The wheels of justice sometimes turn in unexpected directions, and what we are witnessing now at the Justice Department represents one of those curious moments when a law written for one purpose finds new application in defending entirely different freedoms.
Assistant Attorney General Harmeet Dhillon stood before an audience at George Washington University this week and laid out a legal strategy that deserves our careful attention. The Justice Department, she explained, has begun wielding the Freedom of Access to Clinic Entrances Act in a manner its original authors likely never envisioned.
The FACE Act, passed decades ago to shield abortion clinics from blockades and violent protests, now serves as the federal government’s tool for protecting synagogues and churches from disruption. This is not merely creative lawyering. This represents a fundamental shift in how federal civil rights enforcement approaches religious liberty.
“It was our pioneering application of the FACE Act to defend Jewish synagogues that paved the way for its use to defend churches,” Dhillon stated during her remarks at the antisemitism and extremism conference. Her words carry weight, coming as they do from the woman who leads the Civil Rights Division.
The statute itself makes it a federal offense to use force, threats, or physical obstruction to intentionally interfere with individuals exercising their right to religious worship. That language, Dhillon argues, provides federal authorities the legal foundation to step in when protests cross the line from protected speech into unlawful conduct.

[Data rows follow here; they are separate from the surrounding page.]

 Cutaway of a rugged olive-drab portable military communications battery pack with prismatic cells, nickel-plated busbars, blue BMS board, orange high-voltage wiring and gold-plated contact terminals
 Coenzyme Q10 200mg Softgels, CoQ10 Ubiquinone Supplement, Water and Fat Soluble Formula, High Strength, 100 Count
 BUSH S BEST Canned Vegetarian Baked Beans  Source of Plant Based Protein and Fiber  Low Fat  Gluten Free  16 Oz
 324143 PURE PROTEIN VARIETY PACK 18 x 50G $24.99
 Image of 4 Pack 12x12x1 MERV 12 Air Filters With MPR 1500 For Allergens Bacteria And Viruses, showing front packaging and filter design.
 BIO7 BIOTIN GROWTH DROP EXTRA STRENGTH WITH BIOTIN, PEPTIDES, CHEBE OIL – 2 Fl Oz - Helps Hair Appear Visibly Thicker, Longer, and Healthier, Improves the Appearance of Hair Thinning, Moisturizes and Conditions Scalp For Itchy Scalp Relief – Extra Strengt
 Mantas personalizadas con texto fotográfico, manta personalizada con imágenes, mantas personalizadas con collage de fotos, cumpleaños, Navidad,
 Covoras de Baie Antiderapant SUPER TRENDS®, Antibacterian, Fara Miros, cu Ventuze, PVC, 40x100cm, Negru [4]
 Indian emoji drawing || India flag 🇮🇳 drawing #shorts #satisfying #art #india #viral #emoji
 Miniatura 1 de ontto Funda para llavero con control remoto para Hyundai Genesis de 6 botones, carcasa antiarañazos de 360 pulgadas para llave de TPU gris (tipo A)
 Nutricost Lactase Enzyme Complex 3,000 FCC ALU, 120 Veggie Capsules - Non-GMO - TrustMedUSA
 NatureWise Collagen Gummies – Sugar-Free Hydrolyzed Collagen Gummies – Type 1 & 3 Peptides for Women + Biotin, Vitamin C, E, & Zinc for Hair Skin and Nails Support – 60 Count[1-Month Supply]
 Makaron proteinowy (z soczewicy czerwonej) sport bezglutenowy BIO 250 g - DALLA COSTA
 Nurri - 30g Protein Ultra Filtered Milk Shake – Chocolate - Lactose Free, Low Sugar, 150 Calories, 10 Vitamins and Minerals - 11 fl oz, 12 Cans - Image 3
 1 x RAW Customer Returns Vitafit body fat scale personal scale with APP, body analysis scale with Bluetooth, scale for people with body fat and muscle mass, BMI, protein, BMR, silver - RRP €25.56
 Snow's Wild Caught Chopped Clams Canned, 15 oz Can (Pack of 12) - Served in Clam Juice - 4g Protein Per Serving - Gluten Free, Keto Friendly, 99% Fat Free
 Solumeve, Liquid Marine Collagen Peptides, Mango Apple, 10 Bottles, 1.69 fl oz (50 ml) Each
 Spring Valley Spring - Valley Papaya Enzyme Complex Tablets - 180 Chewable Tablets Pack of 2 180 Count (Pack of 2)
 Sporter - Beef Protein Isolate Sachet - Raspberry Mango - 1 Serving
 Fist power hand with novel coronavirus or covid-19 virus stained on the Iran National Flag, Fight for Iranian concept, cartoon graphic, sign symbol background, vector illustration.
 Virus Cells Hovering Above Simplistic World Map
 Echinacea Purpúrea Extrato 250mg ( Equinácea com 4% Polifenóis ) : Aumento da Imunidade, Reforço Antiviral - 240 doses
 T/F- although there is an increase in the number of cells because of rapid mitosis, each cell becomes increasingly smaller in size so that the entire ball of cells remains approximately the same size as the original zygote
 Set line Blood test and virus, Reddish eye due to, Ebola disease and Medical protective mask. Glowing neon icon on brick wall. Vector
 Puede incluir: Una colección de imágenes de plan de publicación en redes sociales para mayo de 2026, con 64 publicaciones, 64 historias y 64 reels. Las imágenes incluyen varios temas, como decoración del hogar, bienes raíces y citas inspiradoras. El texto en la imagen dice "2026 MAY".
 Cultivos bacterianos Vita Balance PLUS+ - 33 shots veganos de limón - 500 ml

The department has already put this strategy into action. Federal prosecutors filed a civil lawsuit against protesters accused of disrupting services at a synagogue in West Orange, New Jersey. Dhillon described this case as the first of its kind, a test balloon that apparently flew well enough to encourage broader application.
Now comes word that the Justice Department is reviewing similar incidents at other houses of worship across the country. Dhillon made clear that additional enforcement actions are being considered, a signal that this represents policy rather than isolated prosecution.
The implications stretch beyond any single case. What we are seeing is the Justice Department drawing what Dhillon calls “clear legal lines” between constitutionally protected speech and criminal interference with religious practice. That line has grown increasingly blurred in recent years as protests have intensified around various causes.
Federal agents have already made arrests in connection with a church storming incident in Minnesota, suggesting the enforcement approach extends beyond civil lawsuits into criminal territory.
This development raises questions that honest observers, regardless of political persuasion, must grapple with. Does expanding a law beyond its original intent serve justice, or does it risk overreach? Can federal authorities consistently distinguish between vigorous protest and unlawful obstruction? And perhaps most fundamentally, does this enforcement strategy adequately protect religious liberty without chilling legitimate dissent?
The answers will emerge not in conference halls but in courtrooms, where judges will weigh the government’s novel application of this statute against constitutional protections for both religious practice and free expression.
What remains beyond dispute is that houses of worship, whether synagogue, church, or mosque, deserve protection from those who would silence prayer with disruption. How federal law achieves that protection, and at what cost to other liberties, will define this legal experiment’s ultimate success or failure.
The Justice Department has made its move. Now we watch to see how it plays out.